Signed-off-by: Srivatsa S. Bhat <srivatsa.bhat@...ux.vnet.ibm.com>
Cc: stable@...r.kernel.org
---
include/linux/cpuset.h | 4 +-
kernel/cpuset.c | 91 +++++++++++++++++++++++++++++++++---------------
kernel/sched/core.c | 4 +-
3 files changed, 67 insertions(+), 32 deletions(-)
diff --git a/include/linux/cpuset.h b/include/linux/cpuset.h
index 668f66b..838320f 100644
--- a/include/linux/cpuset.h
+++ b/include/linux/cpuset.h
@@ -20,7 +20,7 @@ extern int number_of_cpusets; /* How many cpusets are defined in system? */
extern int cpuset_init(void);
extern void cpuset_init_smp(void);
-extern void cpuset_update_active_cpus(void);
+extern void cpuset_update_active_cpus(bool cpu_online);
extern void cpuset_cpus_allowed(struct task_struct *p, struct cpumask *mask);
extern void cpuset_cpus_allowed_fallback(struct task_struct *p);
extern nodemask_t cpuset_mems_allowed(struct task_struct *p);
@@ -124,7 +124,7 @@ static inline void set_mems_allowed(nodemask_t nodemask)
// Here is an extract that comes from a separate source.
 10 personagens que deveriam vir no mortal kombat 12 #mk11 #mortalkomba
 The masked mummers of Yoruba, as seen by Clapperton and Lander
static inline int cpuset_init(void) { return 0; }
static inline void cpuset_init_smp(void) {}
-static inline void cpuset_update_active_cpus(void)
+static inline void cpuset_update_active_cpus(bool cpu_online)
{
partition_sched_domains(1, NULL, NULL);
}
diff --git a/kernel/cpuset.c b/kernel/cpuset.c
index 23e5da6..87b0048 100644
--- a/kernel/cpuset.c
+++ b/kernel/cpuset.c
@@ -147,6 +147,12 @@ typedef enum {
CS_SPREAD_SLAB,
} cpuset_flagbits_t;
+/* the type of hotplug event */
+enum hotplug_event {
+ CPUSET_CPU_OFFLINE,
+ CPUSET_MEM_OFFLINE,
+};
+
/* convenient tests for these bits */
static inline int is_cpu_exclusive(const struct cpuset *cs)
{
@@ -2018,8 +2024,10 @@ static struct cpuset *traverse_cpusets(struct list_head *queue)
/*
- * Walk the specified cpuset subtree and look for empty cpusets.
- * The tasks of such cpuset must be moved to a parent cpuset.
+ * Walk the specified cpuset subtree upon a hotplug operation (CPU/Memory
+ * online/offline) and update the cpusets accordingly.
+ * For regular CPU/Mem hotplug, look for empty cpusets; the tasks of such
+ * cpuset must be moved to a parent cpuset.
*
* Called with cgroup_mutex held. We take callback_mutex to modify
* cpus_allowed and mems_allowed.
@@ -2032,39 +2040,60 @@ static struct cpuset *traverse_cpusets(struct list_head *queue)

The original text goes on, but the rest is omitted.